Arbitrage on the holodeck
May 28, 2017 § 41 Comments
Context and subjectivity are not the same thing.
Context is objective: water is objectively more valuable in the desert. It is also more costly to ship water to the desert than it is to use it where and when it is already abundant.
Preferences are subjective, though even preferences are rooted in objective reality. Preferences are not reducible to nothing but pure subjectivity, because man himself is not reducible to nothing but pure subjectivity. In the absence of disorder fresh water is preferred over seawater as drink, because the former satisfies the objective needs which give rise to thirst while the latter does not.
Objective truth always trumps subjective preferences. A subjective preference which is contrary to the objective truth is an intrinsically disordered preference.
Prices reflect an equilibrium in preferences between counterparties in the exchange of goods and services. The reason for exchange in the first place is because different objective contexts obtain for each counterparty: the baker has ample bread and few candles, while the candle maker has abundant candles and little bread.

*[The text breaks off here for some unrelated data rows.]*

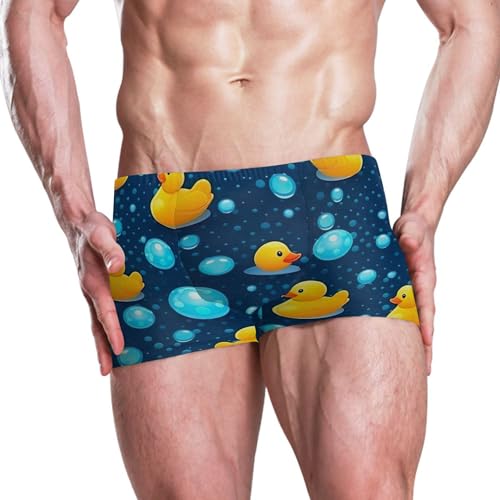 Little Yellow Duck Mens Swim Trunk Swimwear Bathing Suit Swim Brief Square Leg Board Short S B04023562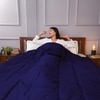 Reversible Comforter Blue and White - KIng Size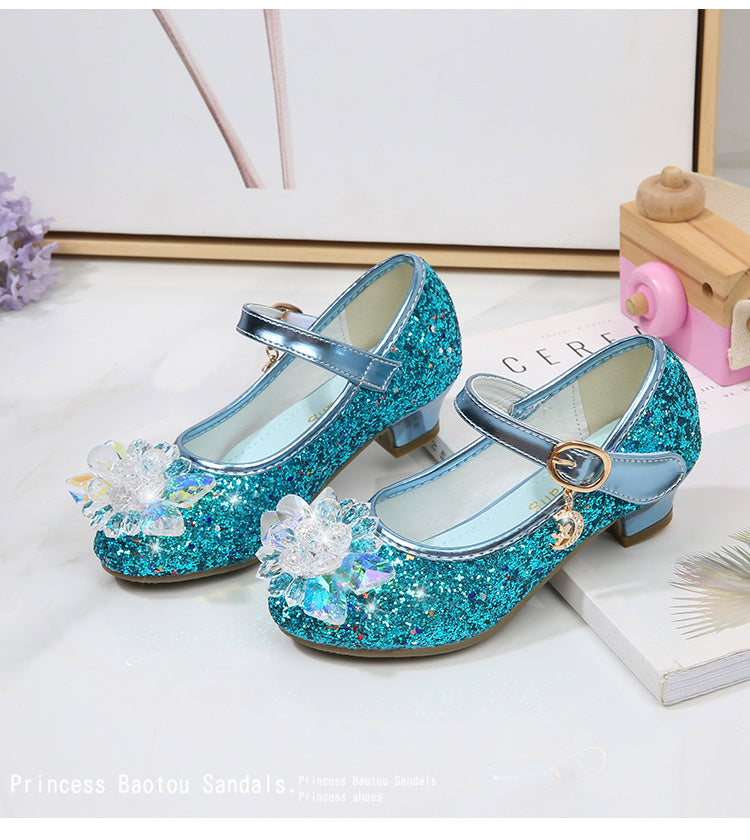 Elsa High Heels Sparkling Floral Feminine Party Shoes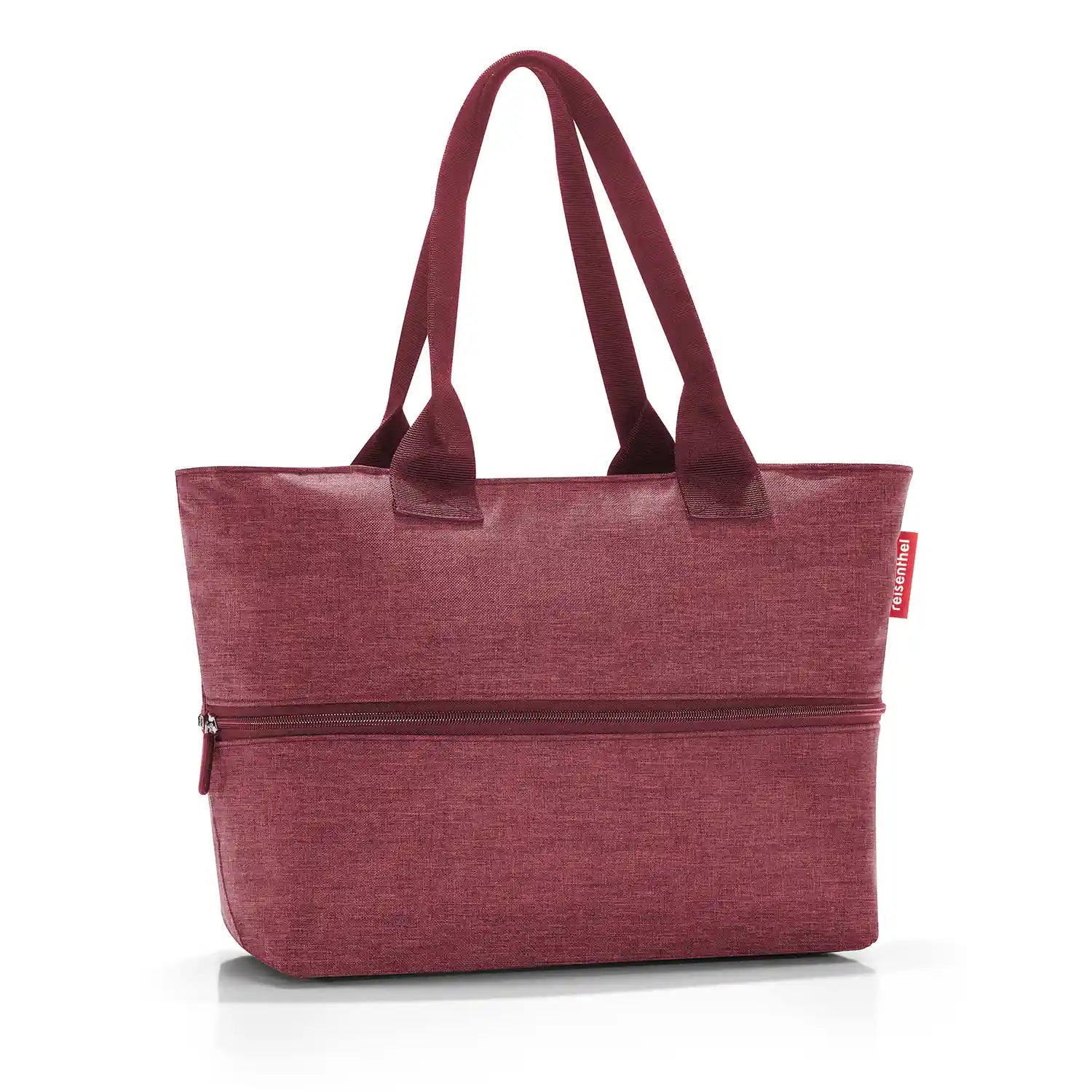 Reisenthel Shopping Shopper e1 50 cm Twist Maroon – faltbare Einkaufstasche im eleganten Weinrot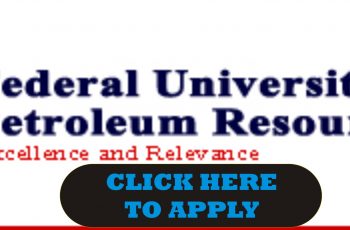 Federal University Of Petroleum Resources Recruitment 2018
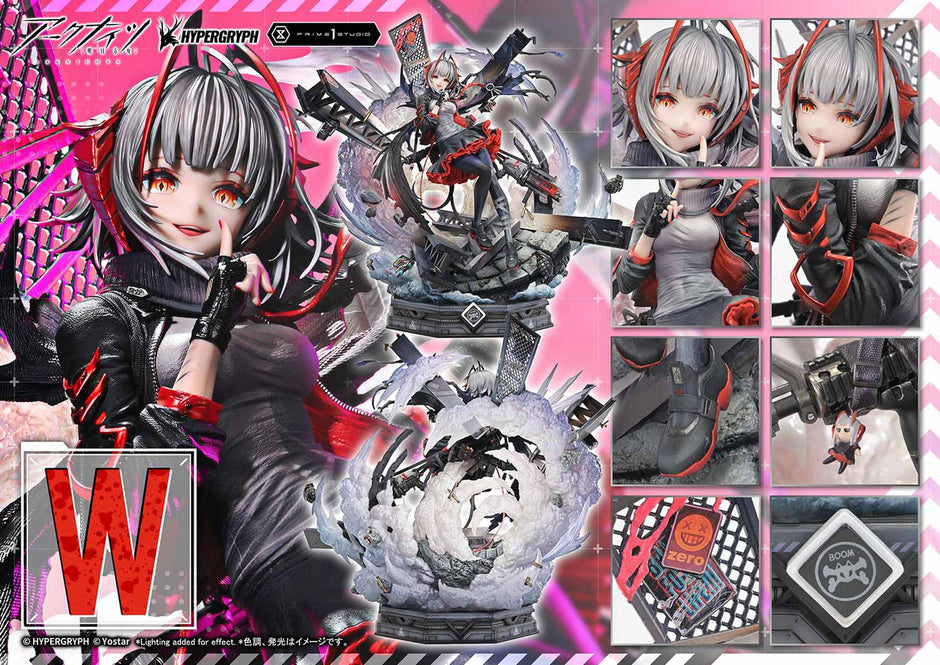 [Pre-Order] Prime 1 Studio & PRISMA WING Collection - Statue - Arknights W 1/6 Scale Pre-Painted Figure CMARK-01 CMARK-01S (Licensed)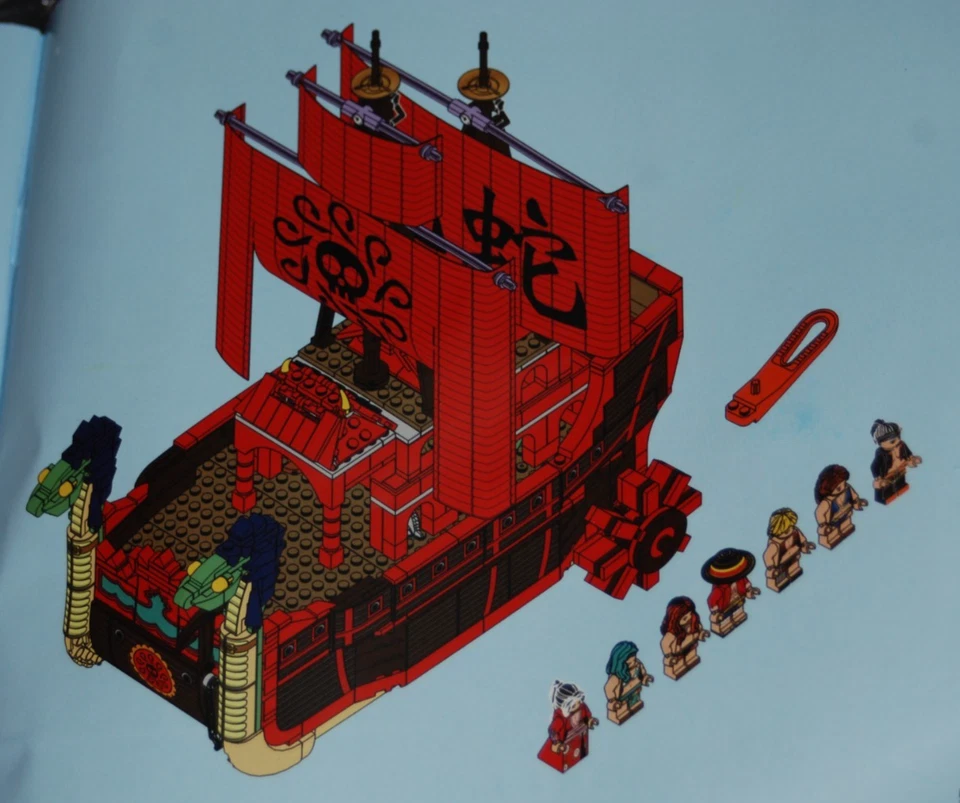 One Piece  BOA SNAKE GALLEON KUJA Pirate Ship Building Blocks Puzzle Toys Gifts - Image 3 of 4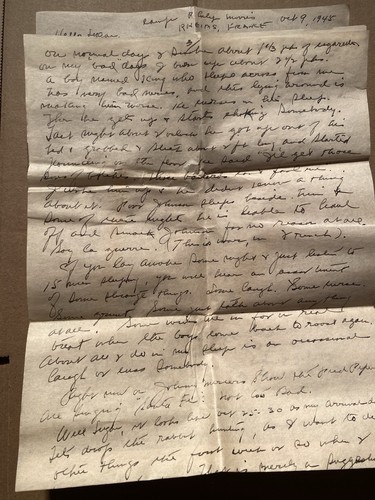 Grande Lotto Lettere D-Day Sbarco Patton Germania Francia Belgio Prigionieri Cechi - Foto 23 di 23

So ten candles are exchanged for a loaf of bread.
An actual exchange represents a preference equilibrium: a subjective meeting of the minds in bringing together two different objective contexts for putative mutual benefit.
But perception is not always reality.
When the controlling preferences of either party to an exchange are intrinsically disordered, the price is an unjust price. The mutual benefit (or its lack) in any exchange is ultimately an objective property of the actual exchange, not a meeting of minds in an intersubjective preference space.